Pode sempre dizer-se que, nos casos citados como exemplos, as coisas estavam tão más, tão más, que qualquer recuperação, por mínima que fosse, mereceria um brinde. É verdade. O ponto está em saber se queremos brindar com champanhe ou com um tintinho bom, mas com preço acessível...
O perigo está no embrulho inebriante - a confiança está de volta, o cenário macroeconómico será revisto em alta, o défice ficará abaixo do previsto, o desemprego está a recuar, o "plano B" mereceu o visto bom da troika, os juros da dívida descem, a expectativa de regresso aos mercados em condições vantajosas cresce...
Sendo tudo isto bom, sendo tudo isto resultado do trabalho feito pelo Governo, sendo tudo isto empurrado pelas chancelarias europeias, ansiosas como estão para provar que os erros não foram assim tão grandes, sendo tudo isto decisivo para a credibilidade da troika, sobra, contudo, um problema. Que é este: falta fazer a prova de que o país alterou efetivamente o seu perfil económico. Falta fazer a prova de que as reformas de fundo acompanharam o esforço titânico que foi exigido aos portugueses. Falta fazer a prova de que conseguiremos viver com uma dívida pública que se mantém num nível assustador. Falta, enfim, fazer a prova de que as boas notícias aqui anotadas vieram para ficar.

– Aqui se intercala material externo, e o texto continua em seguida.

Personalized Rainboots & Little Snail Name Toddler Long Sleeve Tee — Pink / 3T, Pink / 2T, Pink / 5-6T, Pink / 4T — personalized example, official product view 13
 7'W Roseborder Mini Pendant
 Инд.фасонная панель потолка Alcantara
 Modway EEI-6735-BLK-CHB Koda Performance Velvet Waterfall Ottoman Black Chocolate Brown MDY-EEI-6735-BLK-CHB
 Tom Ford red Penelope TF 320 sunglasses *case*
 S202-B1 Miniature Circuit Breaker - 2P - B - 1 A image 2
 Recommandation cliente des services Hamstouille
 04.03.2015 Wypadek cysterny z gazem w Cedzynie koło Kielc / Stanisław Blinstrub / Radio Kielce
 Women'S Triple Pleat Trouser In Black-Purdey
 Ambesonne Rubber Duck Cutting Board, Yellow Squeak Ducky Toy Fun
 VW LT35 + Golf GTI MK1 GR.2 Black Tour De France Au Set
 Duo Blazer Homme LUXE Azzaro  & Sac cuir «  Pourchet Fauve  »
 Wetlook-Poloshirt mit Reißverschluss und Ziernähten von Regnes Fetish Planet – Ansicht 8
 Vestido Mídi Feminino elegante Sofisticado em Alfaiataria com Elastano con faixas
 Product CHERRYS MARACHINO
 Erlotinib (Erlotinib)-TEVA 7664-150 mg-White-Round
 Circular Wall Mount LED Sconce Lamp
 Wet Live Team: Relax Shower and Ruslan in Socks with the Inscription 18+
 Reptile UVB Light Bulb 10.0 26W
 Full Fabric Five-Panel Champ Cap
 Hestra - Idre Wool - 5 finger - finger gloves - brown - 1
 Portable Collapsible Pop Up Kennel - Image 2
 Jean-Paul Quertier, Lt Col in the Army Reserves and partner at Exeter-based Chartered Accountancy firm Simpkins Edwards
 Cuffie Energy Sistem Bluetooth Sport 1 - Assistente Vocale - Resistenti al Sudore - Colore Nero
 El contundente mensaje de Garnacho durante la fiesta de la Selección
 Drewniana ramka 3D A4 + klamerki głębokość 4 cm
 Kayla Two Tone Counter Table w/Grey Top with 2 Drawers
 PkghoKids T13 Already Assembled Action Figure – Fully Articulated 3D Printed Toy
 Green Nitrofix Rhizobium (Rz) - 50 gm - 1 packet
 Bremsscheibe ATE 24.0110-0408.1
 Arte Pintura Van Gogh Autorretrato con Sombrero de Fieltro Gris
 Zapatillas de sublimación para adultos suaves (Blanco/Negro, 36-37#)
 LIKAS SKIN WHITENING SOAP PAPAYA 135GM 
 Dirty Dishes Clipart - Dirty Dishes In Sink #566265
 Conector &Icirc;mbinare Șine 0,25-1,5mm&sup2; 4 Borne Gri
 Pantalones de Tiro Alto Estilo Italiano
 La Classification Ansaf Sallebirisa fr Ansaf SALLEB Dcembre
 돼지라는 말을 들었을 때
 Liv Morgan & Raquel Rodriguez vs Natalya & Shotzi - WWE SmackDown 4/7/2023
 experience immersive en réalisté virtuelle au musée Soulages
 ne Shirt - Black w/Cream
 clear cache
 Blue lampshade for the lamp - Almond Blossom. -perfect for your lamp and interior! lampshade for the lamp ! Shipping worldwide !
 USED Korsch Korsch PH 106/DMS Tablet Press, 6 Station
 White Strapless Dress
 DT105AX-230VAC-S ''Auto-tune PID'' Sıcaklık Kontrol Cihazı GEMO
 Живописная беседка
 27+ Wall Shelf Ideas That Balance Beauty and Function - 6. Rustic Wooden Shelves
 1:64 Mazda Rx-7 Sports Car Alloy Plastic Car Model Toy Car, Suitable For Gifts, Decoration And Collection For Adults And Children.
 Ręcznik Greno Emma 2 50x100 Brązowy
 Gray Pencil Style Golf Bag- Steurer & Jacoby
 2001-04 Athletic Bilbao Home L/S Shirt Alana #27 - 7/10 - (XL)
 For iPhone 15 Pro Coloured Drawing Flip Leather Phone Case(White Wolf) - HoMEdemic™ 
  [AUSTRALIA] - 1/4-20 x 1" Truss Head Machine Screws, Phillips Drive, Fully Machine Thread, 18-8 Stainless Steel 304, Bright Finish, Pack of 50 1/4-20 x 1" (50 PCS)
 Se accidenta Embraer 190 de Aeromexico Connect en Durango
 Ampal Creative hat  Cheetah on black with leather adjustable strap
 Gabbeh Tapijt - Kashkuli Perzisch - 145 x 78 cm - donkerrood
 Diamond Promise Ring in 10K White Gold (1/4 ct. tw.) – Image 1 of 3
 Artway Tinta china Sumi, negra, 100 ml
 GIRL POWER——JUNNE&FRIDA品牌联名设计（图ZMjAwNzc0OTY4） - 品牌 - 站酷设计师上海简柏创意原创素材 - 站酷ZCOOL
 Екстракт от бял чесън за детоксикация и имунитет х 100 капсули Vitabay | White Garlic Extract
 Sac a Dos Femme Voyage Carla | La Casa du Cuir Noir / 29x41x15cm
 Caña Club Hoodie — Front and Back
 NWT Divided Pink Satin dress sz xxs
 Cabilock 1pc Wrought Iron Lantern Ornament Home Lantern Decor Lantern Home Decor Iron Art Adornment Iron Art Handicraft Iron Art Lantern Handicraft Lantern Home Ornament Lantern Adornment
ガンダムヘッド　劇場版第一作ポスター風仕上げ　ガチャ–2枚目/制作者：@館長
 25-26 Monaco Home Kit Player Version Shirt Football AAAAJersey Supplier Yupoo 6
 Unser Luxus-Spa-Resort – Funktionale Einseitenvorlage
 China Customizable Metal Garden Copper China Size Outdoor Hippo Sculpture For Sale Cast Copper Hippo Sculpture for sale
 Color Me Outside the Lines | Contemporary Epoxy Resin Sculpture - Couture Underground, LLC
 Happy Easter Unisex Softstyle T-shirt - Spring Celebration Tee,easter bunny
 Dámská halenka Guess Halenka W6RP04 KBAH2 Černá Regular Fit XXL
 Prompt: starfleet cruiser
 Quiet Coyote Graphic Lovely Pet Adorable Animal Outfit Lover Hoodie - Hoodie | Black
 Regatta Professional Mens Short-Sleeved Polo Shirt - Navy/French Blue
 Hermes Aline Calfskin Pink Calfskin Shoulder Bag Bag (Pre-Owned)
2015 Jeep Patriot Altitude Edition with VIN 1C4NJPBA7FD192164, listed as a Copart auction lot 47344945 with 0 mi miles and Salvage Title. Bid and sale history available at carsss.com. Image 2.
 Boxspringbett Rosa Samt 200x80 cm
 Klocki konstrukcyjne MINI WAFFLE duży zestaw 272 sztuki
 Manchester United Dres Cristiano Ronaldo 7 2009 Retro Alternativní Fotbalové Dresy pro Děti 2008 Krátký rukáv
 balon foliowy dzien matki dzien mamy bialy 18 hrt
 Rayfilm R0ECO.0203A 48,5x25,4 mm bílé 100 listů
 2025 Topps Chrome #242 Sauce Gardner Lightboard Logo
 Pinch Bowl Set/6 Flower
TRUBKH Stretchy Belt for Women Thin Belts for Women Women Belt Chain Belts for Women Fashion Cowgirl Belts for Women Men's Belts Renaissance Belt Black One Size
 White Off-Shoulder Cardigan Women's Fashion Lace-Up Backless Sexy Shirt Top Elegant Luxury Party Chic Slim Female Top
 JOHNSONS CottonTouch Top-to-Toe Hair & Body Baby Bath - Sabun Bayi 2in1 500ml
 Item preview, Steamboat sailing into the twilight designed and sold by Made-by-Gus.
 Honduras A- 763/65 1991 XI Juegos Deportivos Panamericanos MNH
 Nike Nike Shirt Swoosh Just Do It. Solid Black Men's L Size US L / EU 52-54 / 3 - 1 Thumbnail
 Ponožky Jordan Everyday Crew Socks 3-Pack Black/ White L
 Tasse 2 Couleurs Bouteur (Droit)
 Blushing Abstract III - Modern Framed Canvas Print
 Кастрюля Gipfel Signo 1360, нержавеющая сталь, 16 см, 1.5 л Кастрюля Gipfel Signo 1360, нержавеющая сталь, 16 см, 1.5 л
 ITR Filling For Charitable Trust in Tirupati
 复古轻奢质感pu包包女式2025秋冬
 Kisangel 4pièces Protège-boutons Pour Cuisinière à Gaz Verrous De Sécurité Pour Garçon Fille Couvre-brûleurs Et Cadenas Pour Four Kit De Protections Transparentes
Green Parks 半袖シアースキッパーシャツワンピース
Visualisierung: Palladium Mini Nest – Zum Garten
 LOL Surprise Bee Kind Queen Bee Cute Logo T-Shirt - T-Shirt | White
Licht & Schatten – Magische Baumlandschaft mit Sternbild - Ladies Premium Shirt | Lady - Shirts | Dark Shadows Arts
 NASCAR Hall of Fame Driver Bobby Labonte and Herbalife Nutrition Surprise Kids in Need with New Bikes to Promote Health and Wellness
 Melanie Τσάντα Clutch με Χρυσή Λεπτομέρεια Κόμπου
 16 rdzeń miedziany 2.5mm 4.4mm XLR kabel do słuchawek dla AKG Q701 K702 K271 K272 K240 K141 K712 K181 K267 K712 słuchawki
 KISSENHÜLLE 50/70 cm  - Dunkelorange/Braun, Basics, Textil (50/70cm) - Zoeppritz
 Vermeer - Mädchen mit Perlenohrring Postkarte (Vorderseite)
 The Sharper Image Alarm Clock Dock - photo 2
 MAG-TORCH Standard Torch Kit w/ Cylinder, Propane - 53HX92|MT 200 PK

Creio que o Governo começou a largar os foguetes demasiado cedo. Falta muito para podermos fazer a festa. Vale o mesmo dizer que o discurso do sucesso deve ser temperado, não para desmotivar quem quer ser motivado, mas para manter o cenário dentro da realidade. Que continua, e continuará , a ser dura. Por exemplo, para os 170 mil jovens a quem a crise roubou o emprego.